Greenacre crash: 12 injured as car smashes into hijab shop in Sydney, Australia
Police re-arrest male driver of car who was questioned and released after the incident on Thursday
Australian police are investigating what appears to be a ramming attack on a hijab store in Sydney which left 12 people injured.
Officers on Friday re-arrested the male driver of the SUV that was driven at speed into the Hijab House shop in Greenacre, in the city’s west, on Thursday afternoon, just days before Eid.
Video circulated on social media showed the driver of the four-wheel drive at traffic lights doing a drag-race style burnout, creating a thick cloud of white smoke, pushing another car out of the way before driving into the store.
New South Wales Police Superintendent Murray Reynolds said on 2GB radio “if you look at it, it does appear as though it’s done deliberately”.
The 51-year-old driver of the van was taken to hospital under arrest, and underwent blood and urine tests. Police said he was known to them for previous “traffic matters”.
The man was later taken to the Bankstown police station for questioning before being released, but was rearrested from a home in Greenacre on Friday following further inquiries, police said.
Most of the injured people were women aged between 18 and 30. It is understood that the store owner’s daughter was among the injured. One of the victim's injuries were serious but not life-threatening.
Assistant Commissioner Peter Thurtell told local media on Thursday: “I’ve seen the footage, quite clearly from the footage he’s pushing the vehicle in front of him quite hard in order to smoke the tyres like that, but what has caused that to happen I can’t say”.
“At this stage we have crash investigation and detectives investigating the matter … we do know he is known for traffic matters, but that’s it… There’s no information that’s been given to me that there’s any medical episode.”
John Makhlouf, the owner of a petrol station in the area, told the Australian Broadcasting Corporation that it was “very lucky” no pedestrians were crossing at the intersection or standing outside the shop at the time.

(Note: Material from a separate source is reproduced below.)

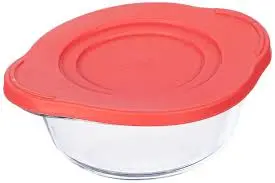 [GL1776] Bowl 840ml Round With Red Lid (19x16cm) - Borcam 59133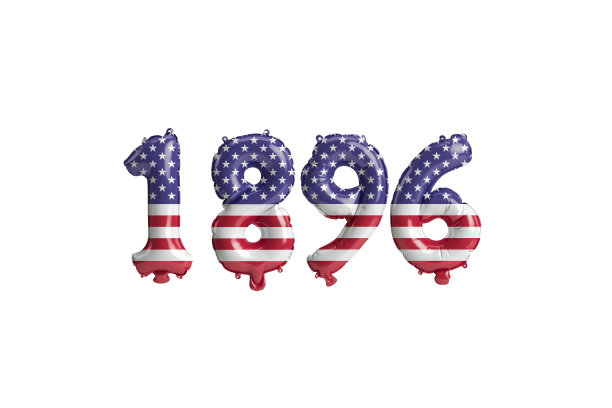 3d插图1896年气球与美国国旗颜色孤立在白色背景图片下载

“I saw a lot of smoke and heard a beeping horn… One car got pushed out of the way and the other car went straight into the shop and crashed and you could hear the horn constantly beeping,” he said.
Although there was no initial indication that the crash was ideologically motivated, the proximity of the attack to Eid and recent developments in Australia have led to suspicion the man was deliberately targeting Muslims.
In November, Australian Security and Intelligence Organisation director general Mike Burgess warned a parliamentary committee that there was “no doubt” some right-wing extremists have been inspired by the Christchurch mosque attack, and that an attack in Australia by the extreme right was “plausible”. His agency's annual report said the threat has increased in recent years.
Australian author and journalist Andy Fleming, who has closely monitored the extreme right in Australia for 15 years, told The National at the time that “many thousands (on the extreme right) have been radicalised in the recent period, and it's also possible for a so-called 'lone wolf' to again emerge from this milieu”.
That same month, a heavily pregnant Muslim woman was brutally assaulted in a cafe in Sydney by a man who had shouted derogatory comments about Muslims before punching and kicking her.
In December, a Melbourne man was convicted of plotting to kill Muslims and left-wing activists with bombs.
Two days ago an Adelaide man appeared in court after a police raid triggered by Facebook posts supportive of the Christchurch mosque attack found weapons in his home, including a medieval mace, a crossbow, an extendable baton and two flick knives. Chad Rolf Vinzelberg, 38, pleaded guilty to four counts of possessing a prohibited weapon.